Tonal Properties of 5 Metals Used in Snare Drums

Wood is warm, wood is organic, but wood cannot capture the entirely distinct tonality offered by a drum comprised of metal alloy. The preference for wood or metal snares is purely subjective, and both possess attractive qualities, but broadly speaking metal-alloy drums amplify the instrument’s favorable characteristics. They’re louder, brighter and more articulate.

Found in genres from thrash to jazz, and loved by players from Dave Grohl to Elvin Jones, there’s a metal snare for any taste. The tricky part is selecting from the many types of metal snares available. Armed with this research, anyone can make an informed decision between brass and bronze, for example, and hammered- vs. seamless-shell construction.


Seamless vs. Hammered

Gretsch 6.5x14 Hammered Copper Snare

Before getting into the different alloys, let’s take a look at two factors that play into the tone of a metal drum: seamless- vs. hammered-shell construction and black-nickel or chrome plating.

Seamless shells are usually machine-spun for a high degree of precision and finished with a smooth interior. The interior of the shell plays a crucial role in the sound due to how the air moves within the drum after it has been hit.

In smooth, seamless shells, the air meets no impedance on its way up or down, creating a column of sound for a brighter, louder drum. Conversely, a hammered shell’s rough-hewn interior obstructs the air column and forces it to bounce around, producing a warmer, more sedate response. Hammered metal snares are said to articulate the bright end of the spectrum inherent in metal while emulating the warmth and low tones of wooden snares.

Black Nickel vs. Chrome

DW 6.5x14 Black Nickel over Brass Snare

Steel, brass, aluminum and occasionally bronze snares can be found with either a black-nickel or chrome-plated finish. In these instances, function follows form: the black nickel imparts a slightly darker, warmer edge to a snare while the highly-polished chrome emphasizes treble in the attack.

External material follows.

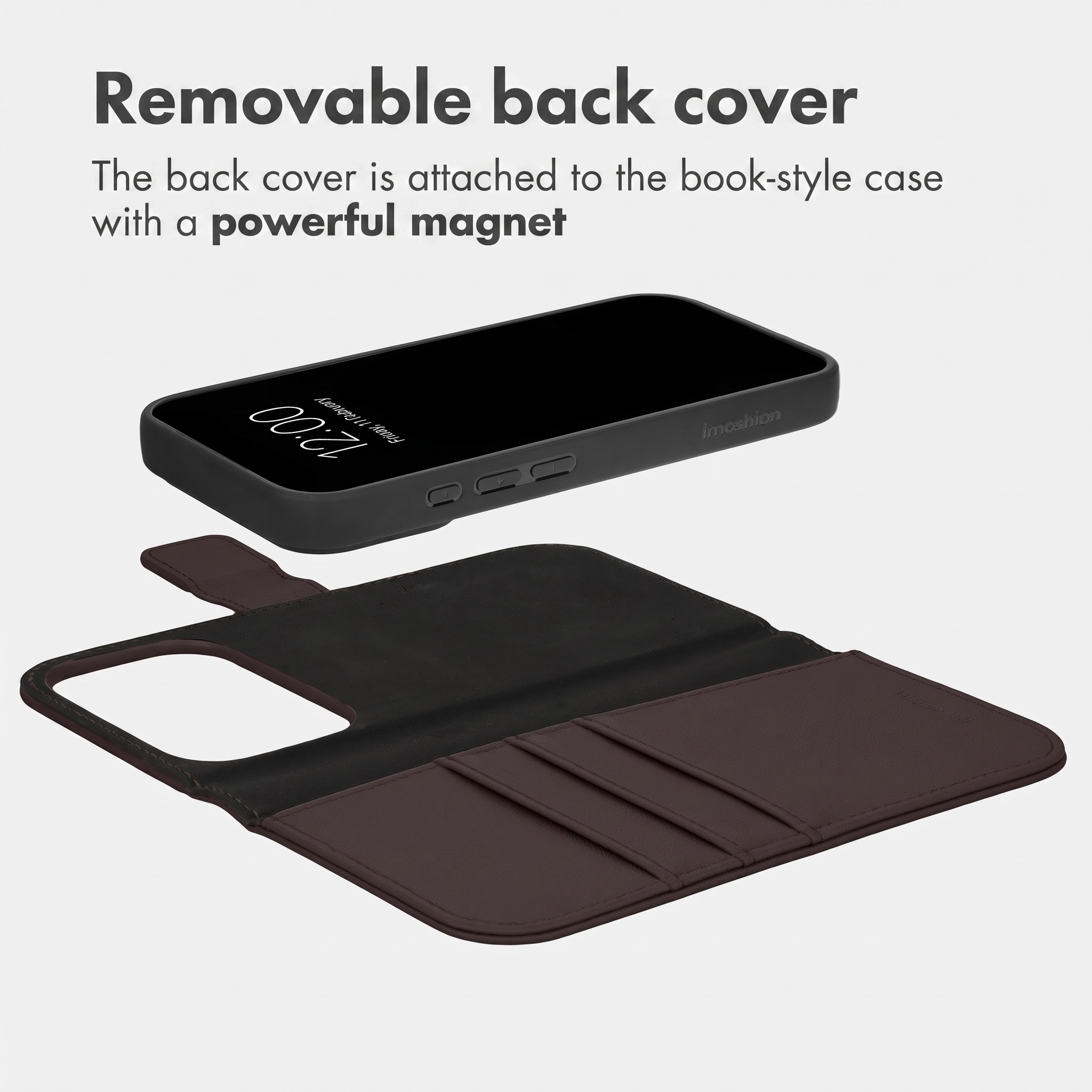 Ein schwarzes Smartphone schwebt über einer abnehmbaren braunen Leder-Buchhülle mit Kartenfächern.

Though argued in the community, these aural effects from the plating are nominal and function primarily for their aesthetic value.

1. Aluminum

Gretsch 6.5x14 Solid Aluminum Snare

The most widely used non-ferrous (without iron) alloy in commercial and industrial applications, aluminum is found everywhere from window frames to baseball bats to MacBooks. Light and durable, aluminum drums benefit from ease of transport, thanks to their lighter weight, and sport a dry, airy response with an aggressive bite.

These drums also are easier to maintain over the years because of aluminum’s resistance to corrosion. Next to steel, aluminum drums are the most affordable on this list. The popular Ludwig Acrolite is a best-selling and easily attainable example.

Notable players: Steve Ferrone of Tom Petty and the Heartbreakers, Modern Drummer Hall of Famer Dave Weckl


2. Steel

Taye 6.5x14 Stainless Steel Snare

Unless you’re somehow reading this article in the middle of a forest, there’s an almost 100% chance there’s something made of or with steel within ten feet of you. The metal on which the modern world was built, steel is bold and resilient, and these qualities translate into steel drums. Less expensive than others on this list and commonly associated with beginner to intermediate-level drums, steel snares slice through mixes with ease and sit a bit higher in a mix with accents on treble and mids.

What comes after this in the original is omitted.